2022年01月18日
北海道機船漁業協同組合連合会 原口聖二
[ロシア国内のスケトウダラH&G卸売価格推移(1月17日) 底を打って回復傾向]
“中国 要件を満たす冷凍運搬船受け入れ再開”
近年、世界のスケトウダラ生産350万トンの内、ロシアが180万トン、米国が150万トンを占めている。
ロシアは洋上でH&G(ドレス)を生産し中国へ輸出、中国が陸上でフィレ加工してEUへ再輸出、米国は日本へすり身として輸出することを、それぞれ仕向けの主流としてきた。
しかし、ロシアについては、新型コロナウイルス拡散防止対策による中国の冷凍水産物輸入制限により、当該貿易は鈍化、今年2021年初めから仕向け構造が大きく変化し始めた。
フィレの最終市場となるEUへ米国が供給を増加させ、ロシアも“投資クオータ”を利用した高次加工漁船と自国陸上加工でフィレを増産し、中国加工を介さない当該市場への直接アクセスを拡大させている。
また、ロシアはこれら製品の国内市場への供給拡大にも取り組みを開始した。
米国から日本へのすり身の輸出価格、中国からEUへのフィレの輸出価格、そしてロシア国内のH&G卸売価格等を監視することで、スケトウダラの国際市場価格を把握することが求められている。
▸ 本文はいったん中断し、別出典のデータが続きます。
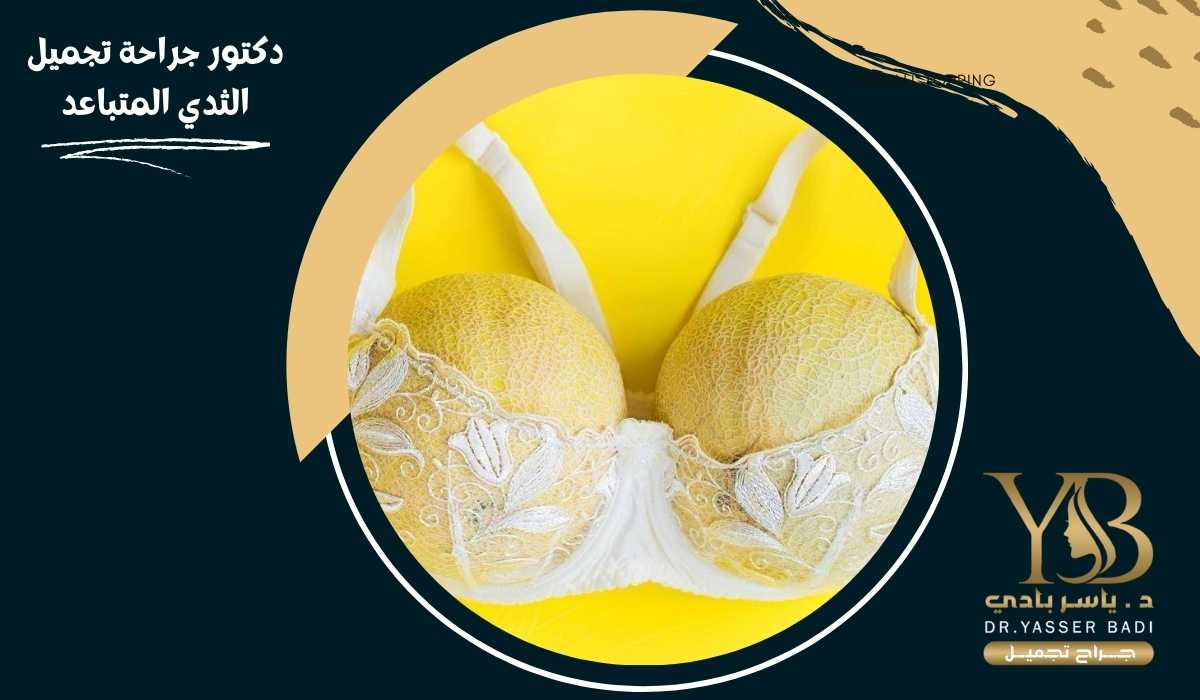 دكتور جراحة تجميل الثدي المتباعد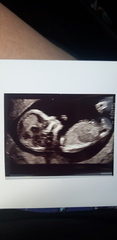 BFP - Anyone else due February 2020?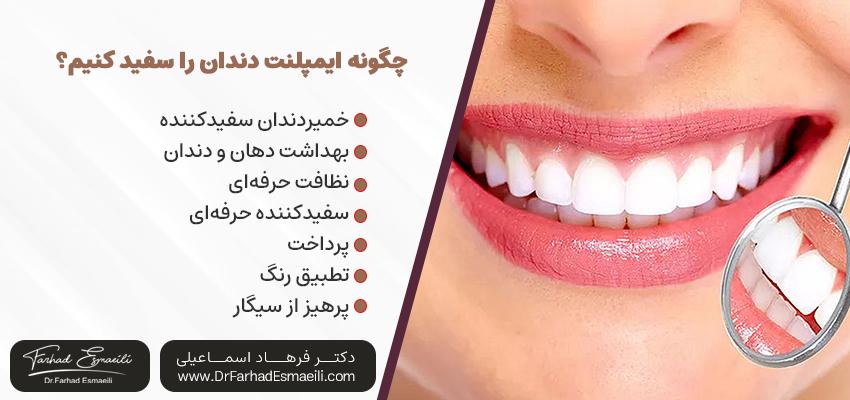 چگونه ایمپلنت دندان را سفید کنیم؟ | دکتر فرهاد اسماعیلی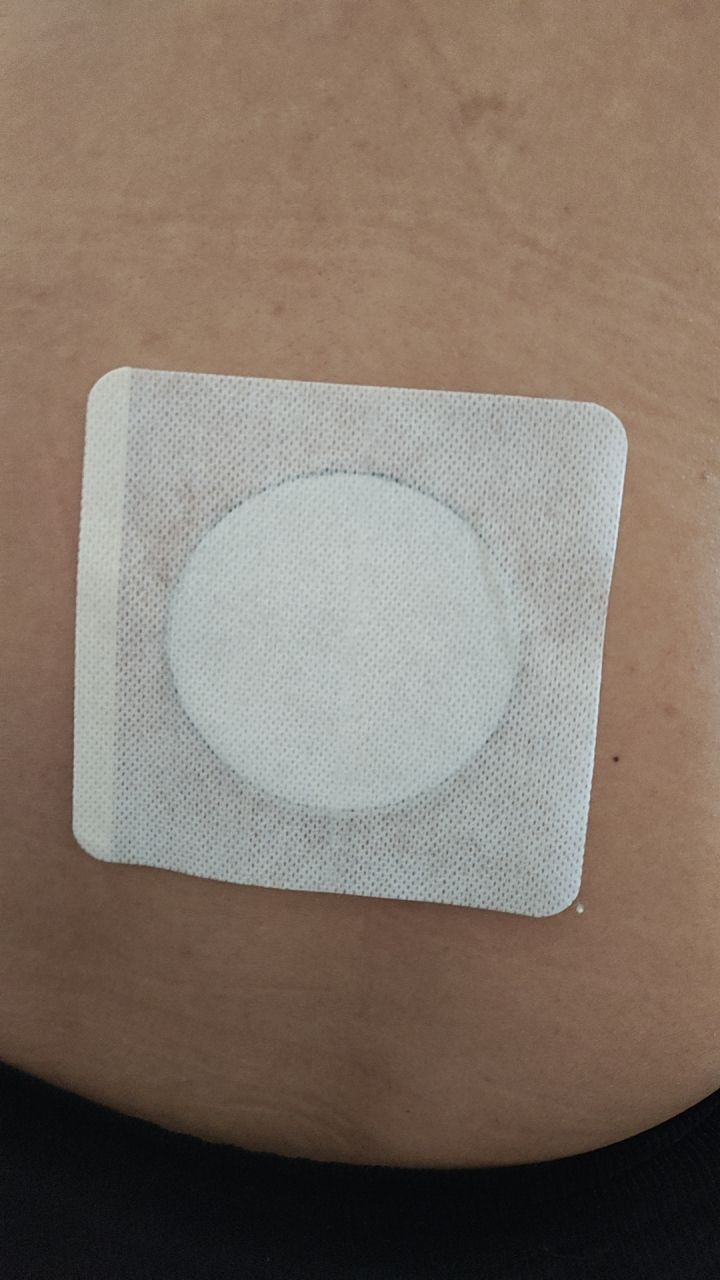 膏药贴敷示意图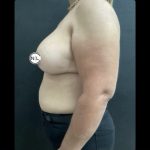 Breast Augmentation Before & After Patient #14812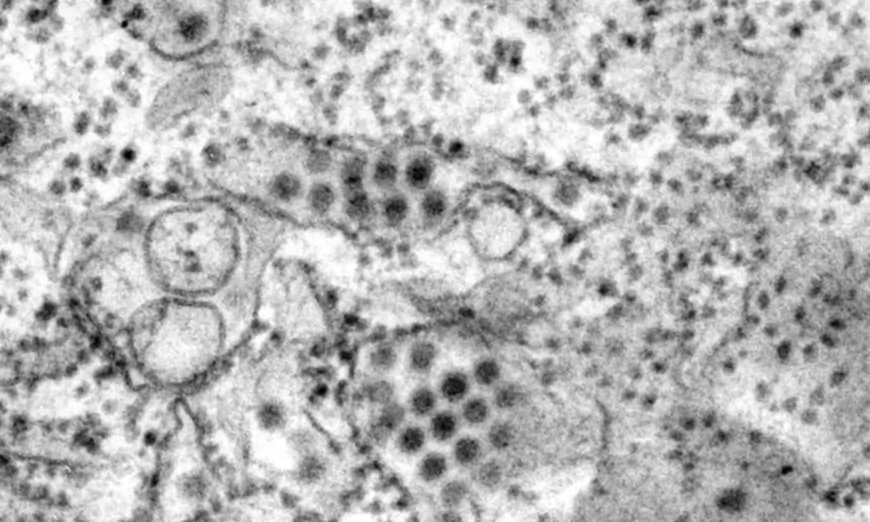 This transmission electron microscopic image depicts a number of round dengue virus particles that were revealed in this tissue specimen. (Frederick Murphy/U.S. Centers for Disease Control and Prevention)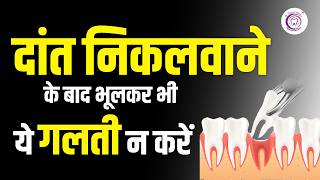 अपने दांतों को बचाएं दांत निकालने के बाद सही देखभाल है जरूरी What To Do After Extraction Of Teeth [upl. by Anirdnajela]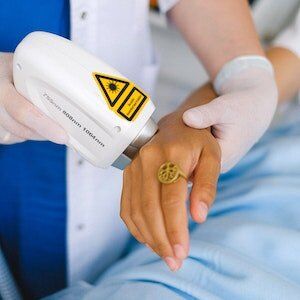 laser treatment of wart symptoms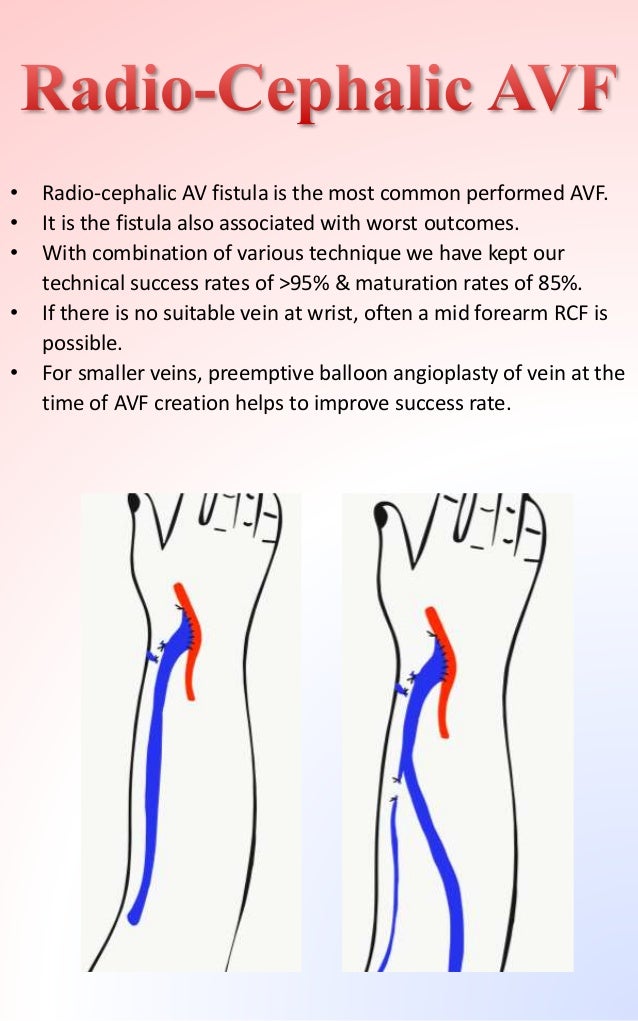 Arteriovenous fistula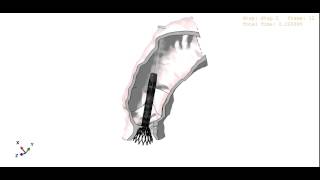 Medtronic CoreValve simulation [upl. by Artemed111]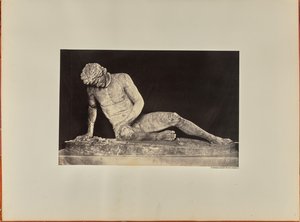 El Gladiador Moribundo, vista frontal (Capitolio)
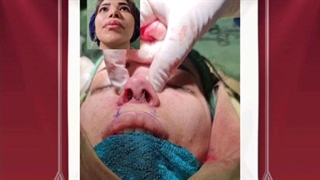 نمایش نتیجه عمل جراحی بینی توسط فوق تخصص در گرگان گنبد 09336093000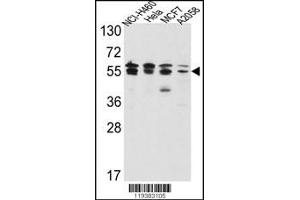 Western blot analysis of IMPDH2 Antibody in NCI-H460,Hela,MCF7,A2058 cell line lysates(35ug/lane)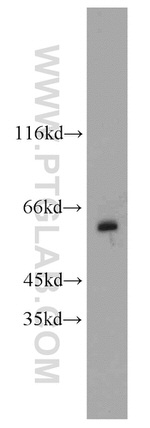 MAOB Antibody in Western Blot (WB)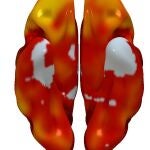 Reconstrucción tridimensional cerebral inferior donde se muestran aquellas regiones cerebrales con un menor metabolismo cerebral asociado con una mayor carga de placa en las carótidas. EFE/ CNIC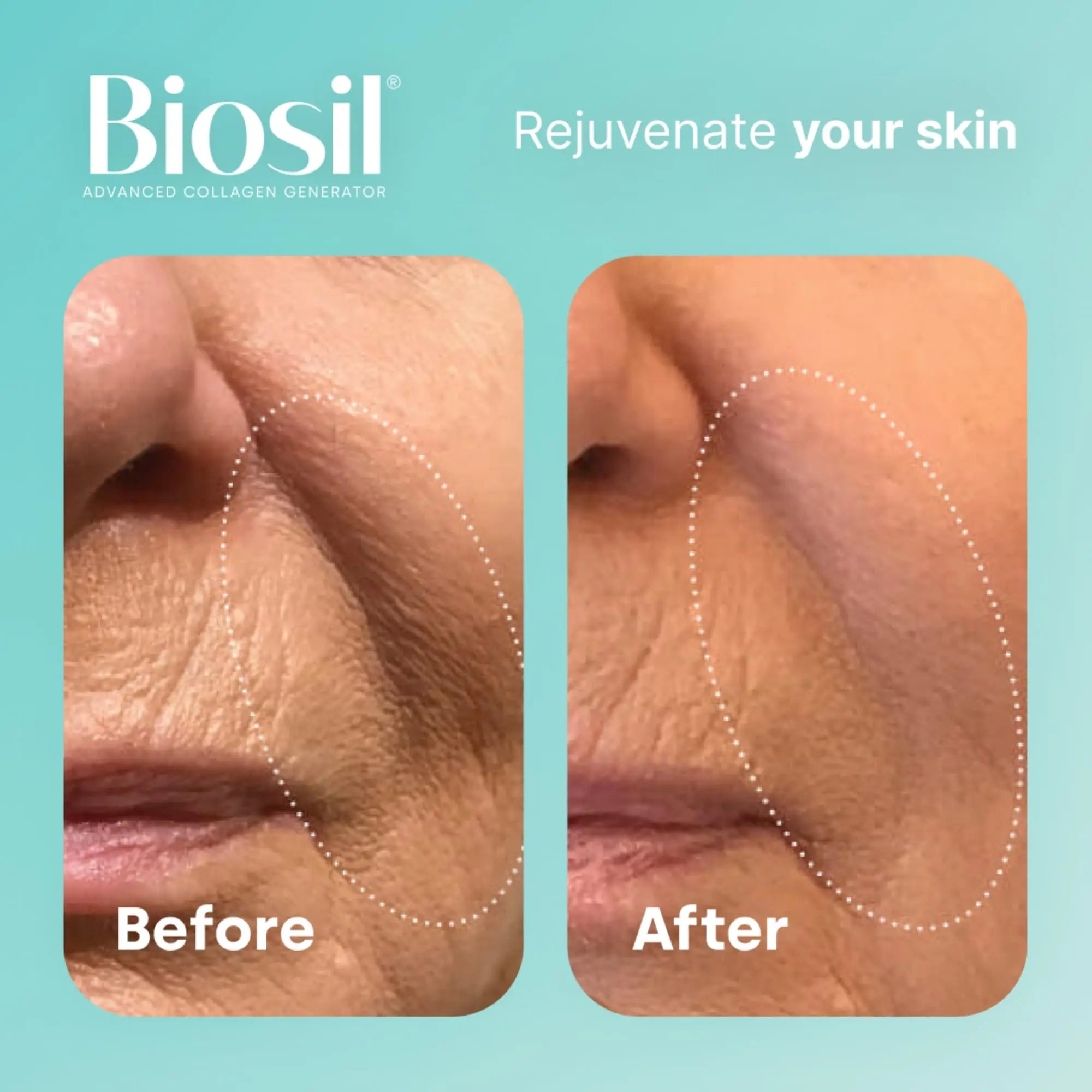 Biosil Collagen Generator - 30 mL Drops - with Patented ch-OSA Complex BioSil Au supplements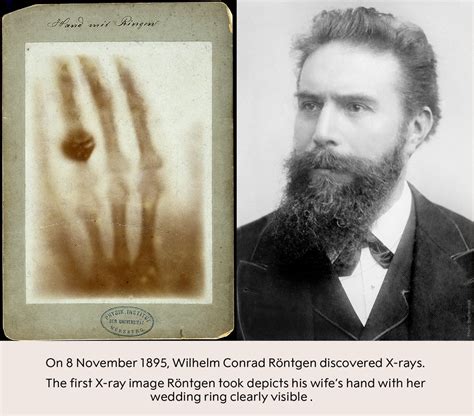 OnThisDay in 1895, Wilhelm Conrad Röntgen discovered X-rays. Röntgen ...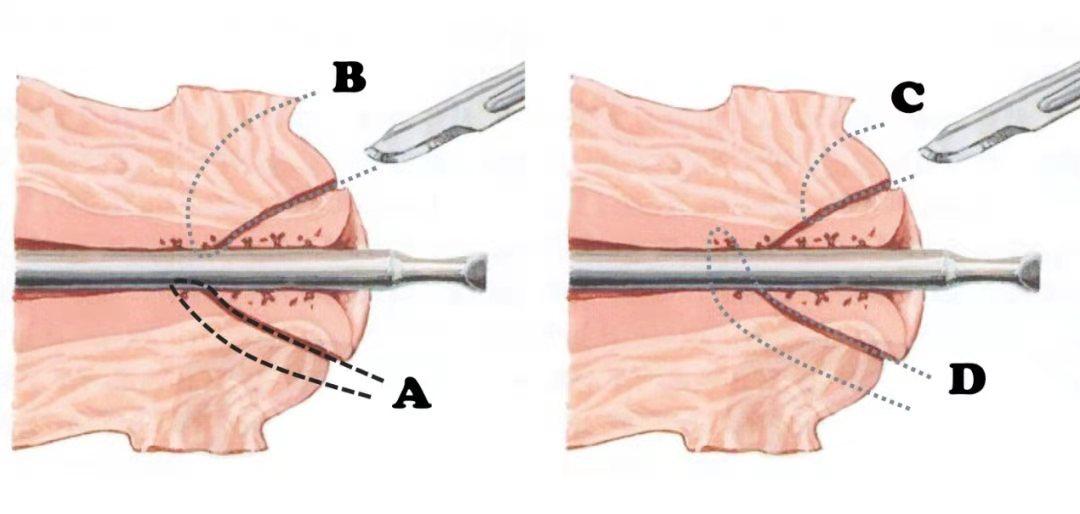派特灵生物讲解,派特灵用在宫颈的步骤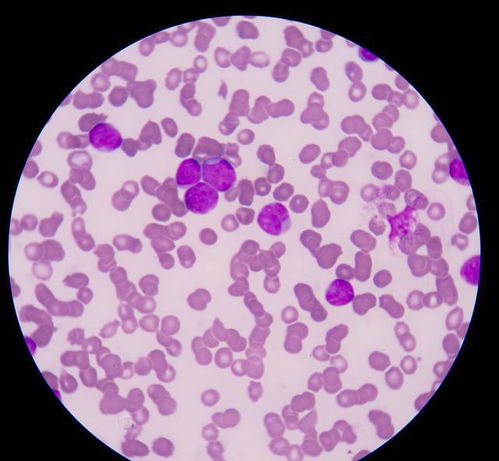 һ����ҩ�ΰ�֢���� ��֢������ҩ�����ɹ�����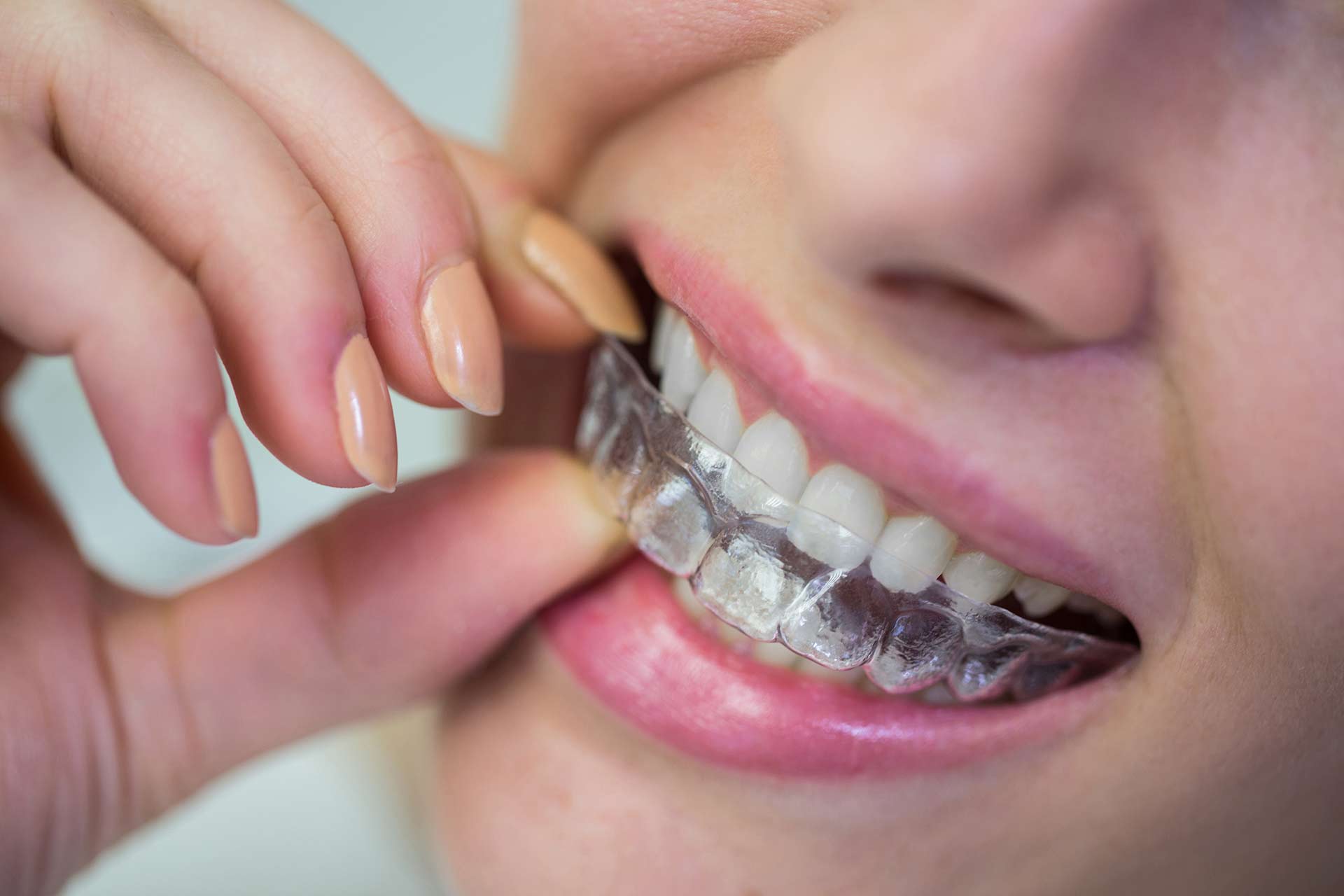 dentistatmetrotown blog discover the amazing benefits of invisalign for a perfect smile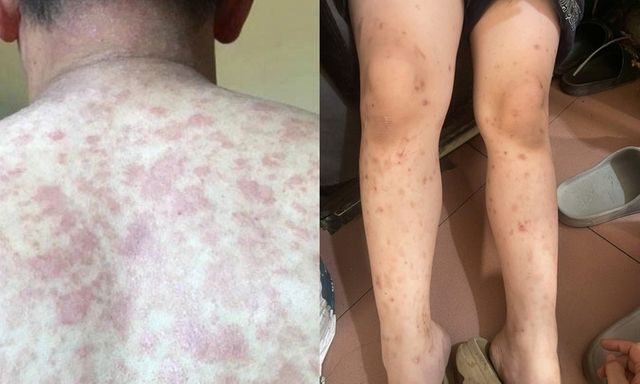 Đi bơi về ngứa rát, nổi mụn mủ: Dấu hiệu cảnh báo bệnh da cần đi khám sớm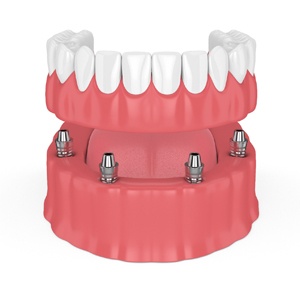 Animated smile with All-on-4 dental implants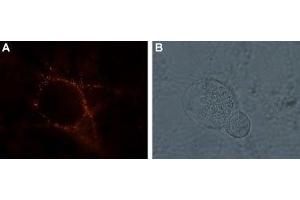 Expression of kainate receptor GluK1 in rat DRG neurons - Cell surface detection of kainate receptor GluK1 in living rat dorsal root ganglion (DRG). (GRIK1 抗体  (Extracellular))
この中にあって、低迷を続けていたロシア国内のH&G卸売価格は底を打ち、86ルーブル/kgとなり、2022年年明け回復傾向が確認された。
中国税関当局が、2022年1月10日から、コンテナ積み替え物流ばかりでなく、要件を満たすロシア冷凍運搬船の水産物製品の受け入れを再開したと伝えられており、ロシア業界のマインドに影響を与えていることが考えられる。